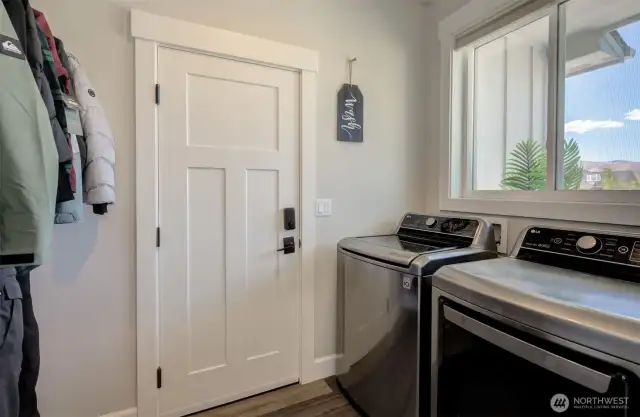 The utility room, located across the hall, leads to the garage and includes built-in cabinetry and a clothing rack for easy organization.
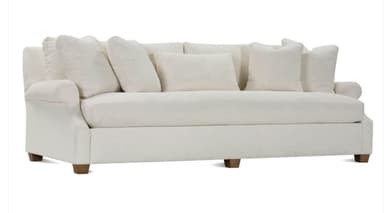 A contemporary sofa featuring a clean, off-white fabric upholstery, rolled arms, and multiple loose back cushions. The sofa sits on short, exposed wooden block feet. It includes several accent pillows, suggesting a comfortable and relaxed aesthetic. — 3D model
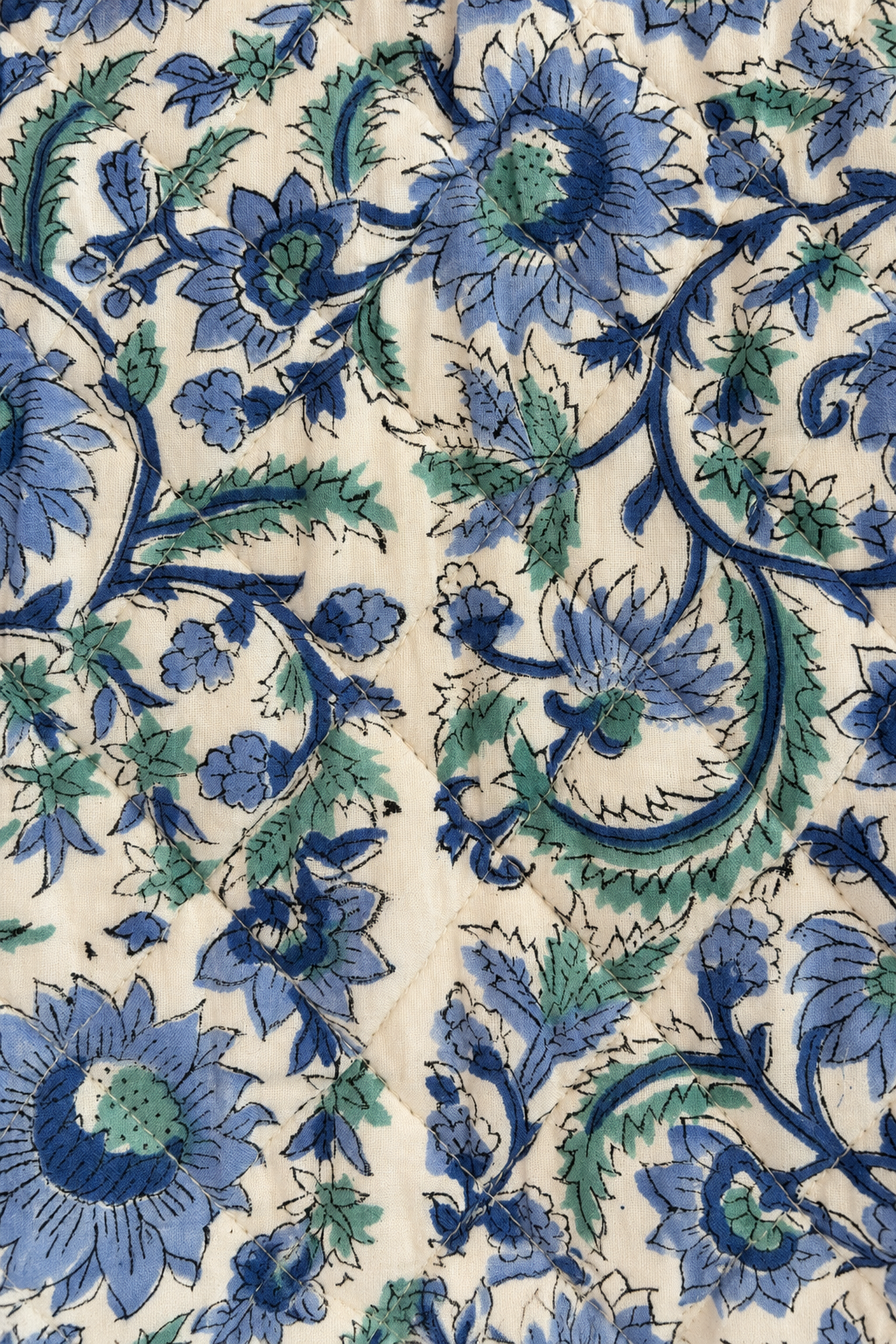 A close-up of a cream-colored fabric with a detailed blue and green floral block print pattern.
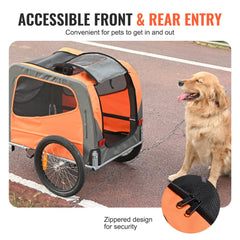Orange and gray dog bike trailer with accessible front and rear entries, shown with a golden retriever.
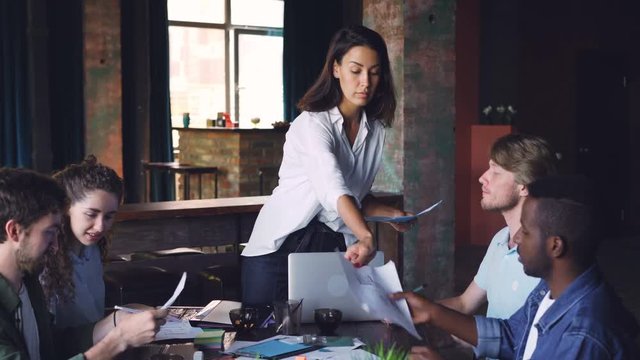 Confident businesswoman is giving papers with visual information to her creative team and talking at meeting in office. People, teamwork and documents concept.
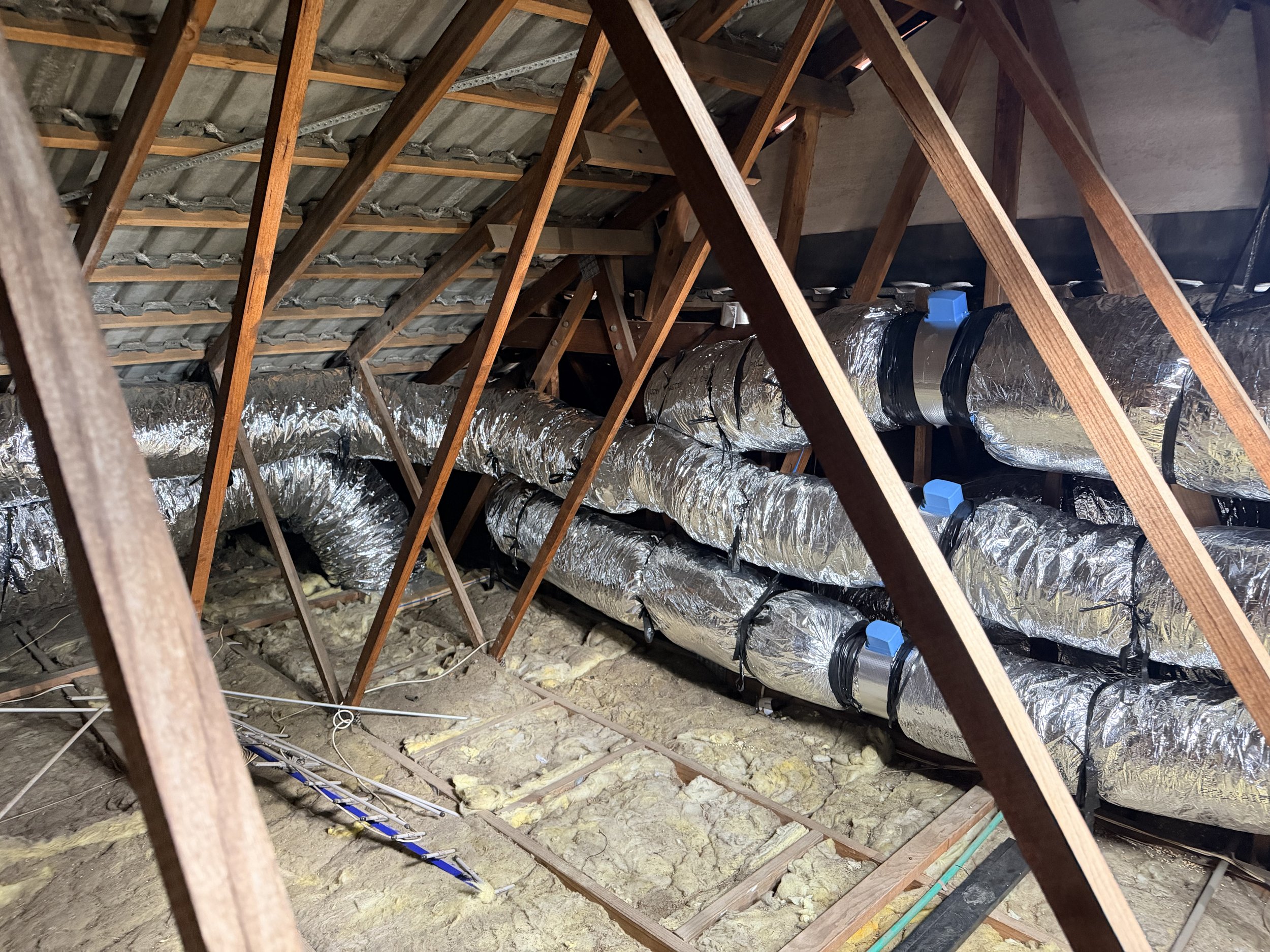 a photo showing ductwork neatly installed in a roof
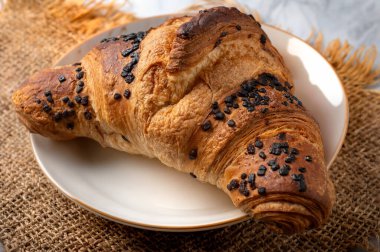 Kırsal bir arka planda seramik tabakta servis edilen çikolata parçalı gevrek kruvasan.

——————————

- _ASSIGNMENT_:
Your task is to give again, unchanged, the lines from the line that contains "A close-up of" to the end of the records. Include both end lines but no pictures.

- _REPLY TO THE EXERCISE_:
 A close-up of a cream-colored fabric with a detailed blue and green floral block print pattern.
Orange and gray dog bike trailer with accessible front and rear entries, shown with a golden retriever.
 Confident businesswoman is giving papers with visual information to her creative team and talking at meeting in office. People, teamwork and documents concept.
 a photo showing ductwork neatly installed in a roof
 Kırsal bir arka planda seramik tabakta servis edilen çikolata parçalı gevrek kruvasan.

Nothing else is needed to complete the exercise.